Porque aquel Crates era un tipo de griego de los que se daban con frecuencia en ultramar. Comerciante y pirata, la vida entre pueblos bárbaros le había hecho bastante más abierto de opinión y de trato que el común de sus compatriotas. A cambio, justo ese vivir en tierras extrañas le daba un sentimiento muy fuerte de identidad como griego, sobre todo en lo político; algo muy difícil de encontrar en Jonia o la misma Grecia, donde pocos eran capaces de ver más allá de los sembradíos de su ciudad natal.
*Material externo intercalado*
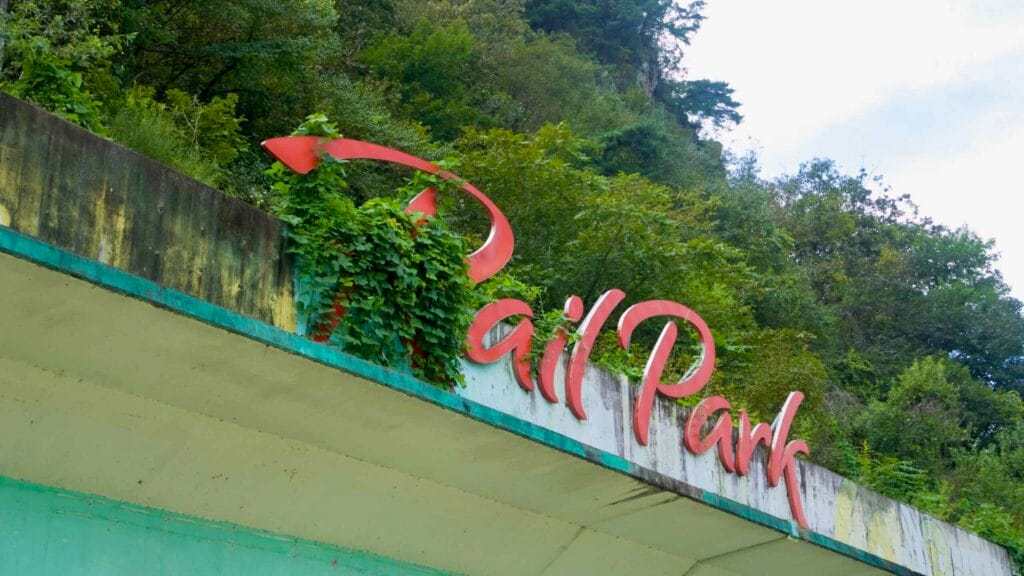 An old Rail Park sign peeks through vines near the former Gangchon Station by the river.
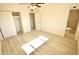 Spacious bedroom with wood-look floors and en-suite bathroom at 4901 W Cheery Lynn Rd, Phoenix, AZ 85031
Abundaba ese tipo de personajes en las colonias y Eutiques les calaba casi al primer vistazo, ya que se había topado con muchos a lo largo de sus viajes y él mismo, en ocasiones, gustaba de creerse un poco así también. Tampoco había echado en saco roto los consejos de su viejo amigo Magón acerca de qué clase de hombres estaban dispuestos a acometer grandes empresas. Y ahora razonaba que podía encontrarlos, tanto como en Tiro, en la Jonia amenazada por los persas o en las colonias de Occidente, rebosantes de aventureros y desposeídos.
Movido por tal idea, fue agitando poco a poco el cebo ante las narices de Crates y este, tal como esperaba, fue prestándole oídos. En las escalas, solían sentarse a solas bajo un toldo, a charlar, con una cántara de vino y dos copas entremedio. Eran horas de calor, de silencio. Las olas iban a morir susurrando contra la playa mientras la brisa cálida agitaba los matorrales costeños. La tripulación dormitaba bajo cualquier sombra y, a veces, los golpes de aire ardiente arrastraban torbellinos de arena a lo largo de la playa. Luego el viento cesaba y todo volvía al silencio.
El corintio, con astucia, desplegaba el señuelo de grandes riquezas, así como con la fama imperecedera, y el pirata asentía pensativo, acunando entre sus manos la tablilla de plata. A veces, contemplaba con ojos entornados su nave, varada en la orilla, o el mar más allá, sobre el que danzaban miles de reflejos del sol. Discutían sobre dificultades, bloqueos, financiación, y al final siempre, ofuscados por el vino y la calor, se perdían en sueños tan grandiosos como impracticables.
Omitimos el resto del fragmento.